What is needed >>
The data is to be repeated exactly, with the images removed.

** Data to examine follows **

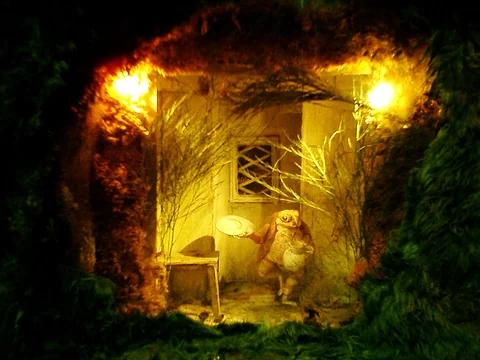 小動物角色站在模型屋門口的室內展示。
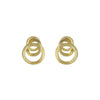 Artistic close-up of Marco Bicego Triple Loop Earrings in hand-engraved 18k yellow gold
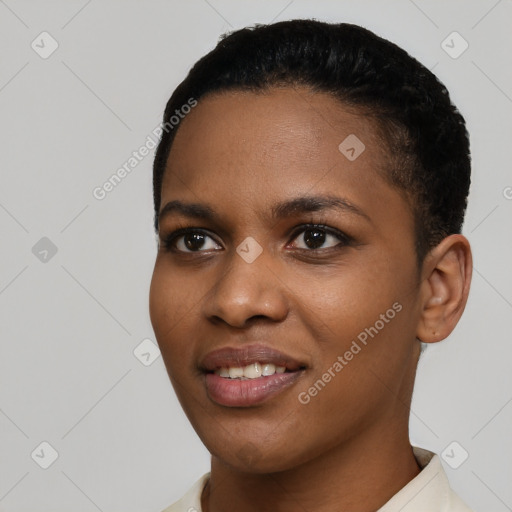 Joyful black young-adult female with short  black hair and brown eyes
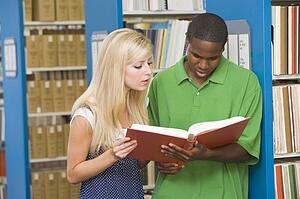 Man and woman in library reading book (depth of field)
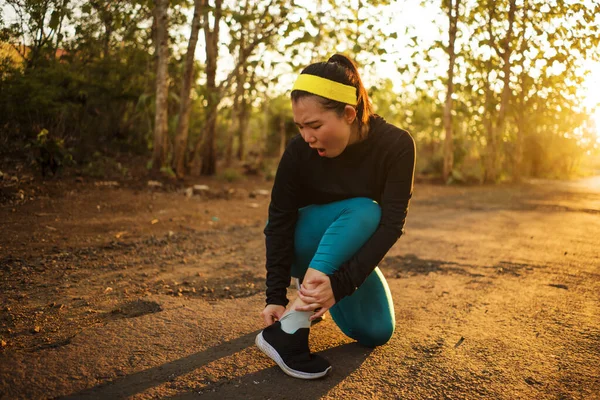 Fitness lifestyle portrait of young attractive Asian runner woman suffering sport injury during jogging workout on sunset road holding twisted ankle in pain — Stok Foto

** End of Data to examine **

Answer area >>
 小動物角色站在模型屋門口的室內展示。
 Artistic close-up of Marco Bicego Triple Loop Earrings in hand-engraved 18k yellow gold
 Joyful black young-adult female with short  black hair and brown eyes
 Man and woman in library reading book (depth of field)
 Fitness lifestyle portrait of young attractive Asian runner woman suffering sport injury during jogging workout on sunset road holding twisted ankle in pain — Stok Foto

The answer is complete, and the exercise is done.